Exercise material section start
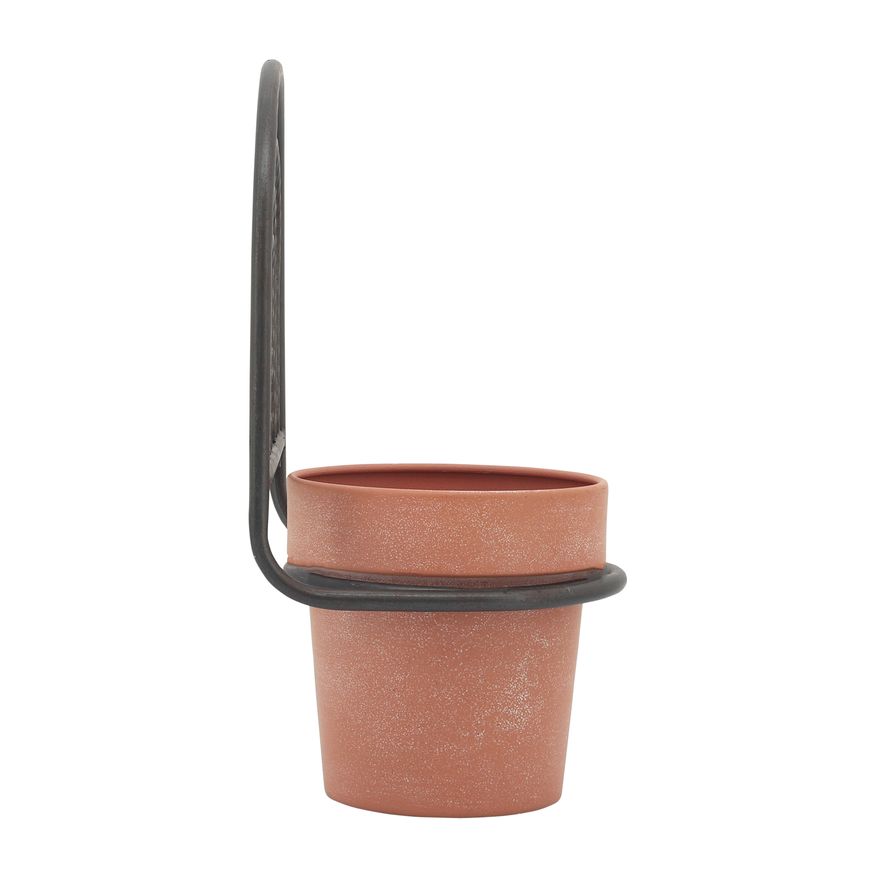 Sagebrook Metal Wall Planter - Black/Terracotta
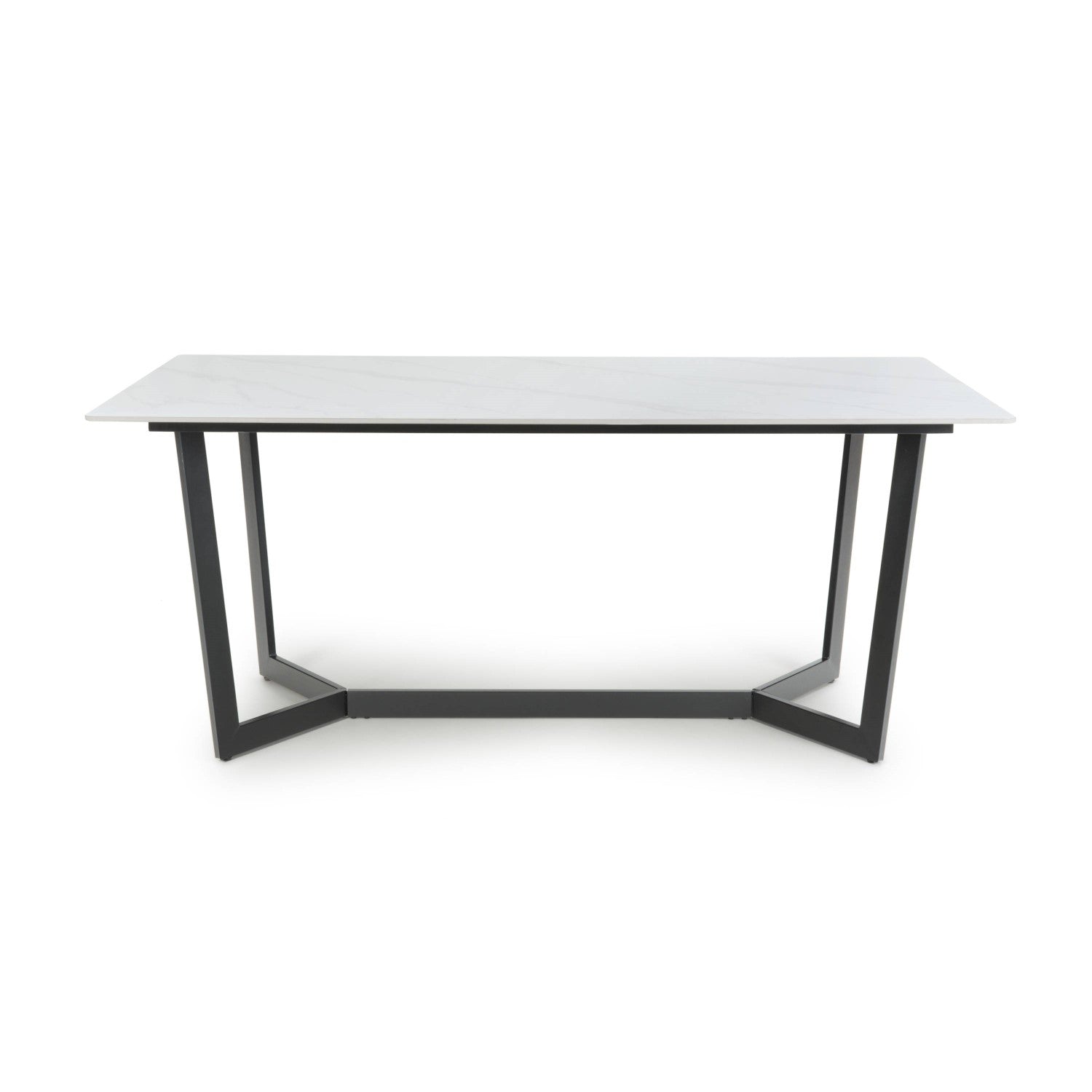 White Gloss 1.8m Large Dining Table with Geometric Base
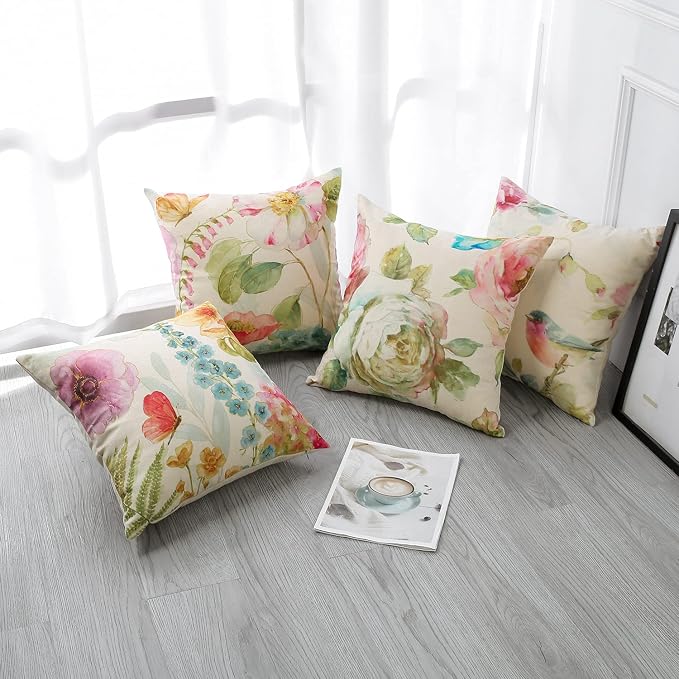 Artscope Set of 4 Waterproof Throw Pillow Covers 18x18 Inches, Colorful Flowers Bird and Butterfly Pattern Decorative Cushion Covers, Perfect to Outdoor Patio Garden Living Room Sofa Farmhouse Decor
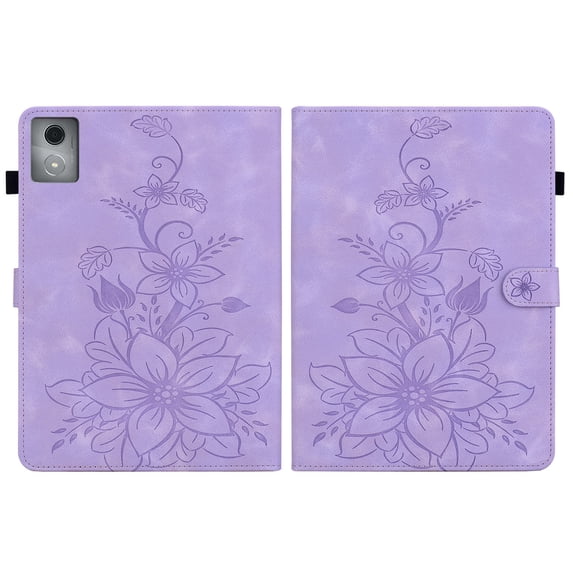 Case for Lenovo Tab K11 Plus 11.45 inch 2024, Embossed Flower PU Leather Flip Wallet Folio Stand Cover, Purple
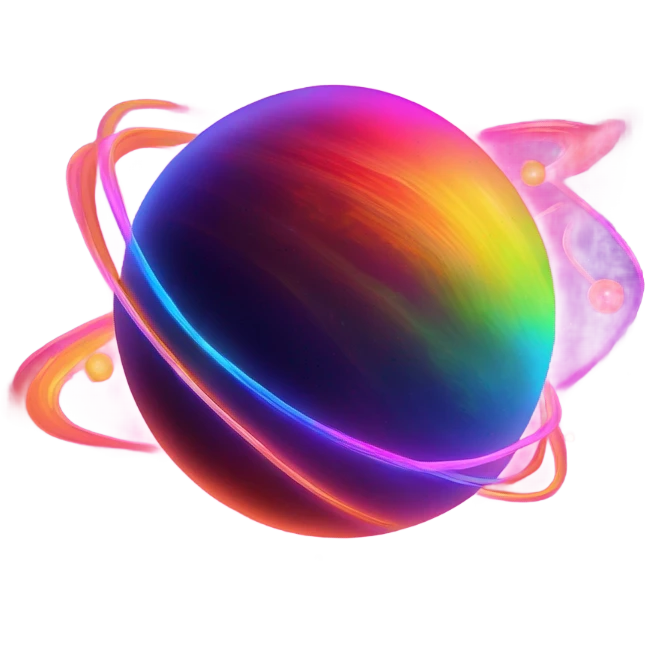 Neon rainbow planet with rings glowing  emoji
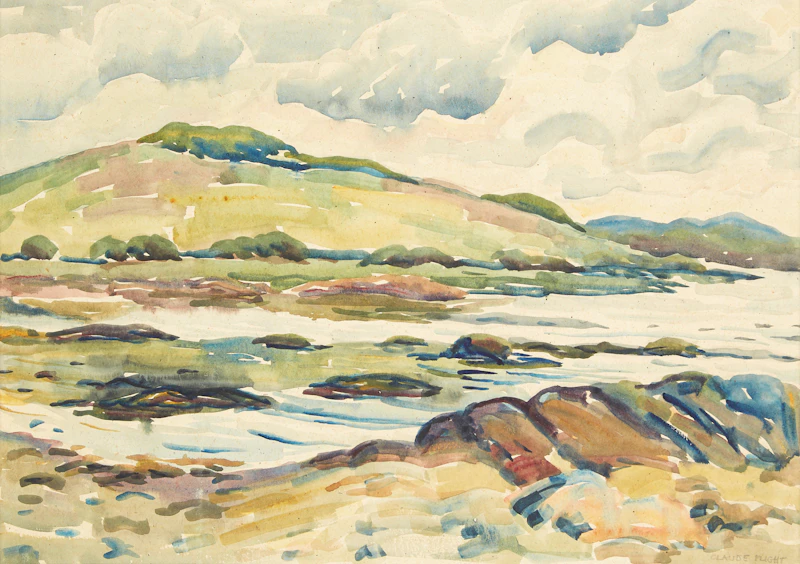 Claude Flight, Clouded Landscape, watercolour - view 2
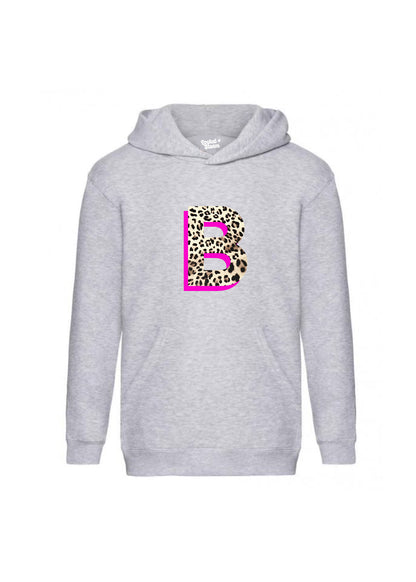 Kids Personalised Neon Leopard Print Initial Hoodie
Exercise material section end
** Required action **
Set every line of the records down again exactly, and exclude all pictures.

** Response area **
 Sagebrook Metal Wall Planter - Black/Terracotta
 White Gloss 1.8m Large Dining Table with Geometric Base
 Artscope Set of 4 Waterproof Throw Pillow Covers 18x18 Inches, Colorful Flowers Bird and Butterfly Pattern Decorative Cushion Covers, Perfect to Outdoor Patio Garden Living Room Sofa Farmhouse Decor
 Case for Lenovo Tab K11 Plus 11.45 inch 2024, Embossed Flower PU Leather Flip Wallet Folio Stand Cover, Purple
 Neon rainbow planet with rings glowing  emoji
 Claude Flight, Clouded Landscape, watercolour - view 2
 Kids Personalised Neon Leopard Print Initial Hoodie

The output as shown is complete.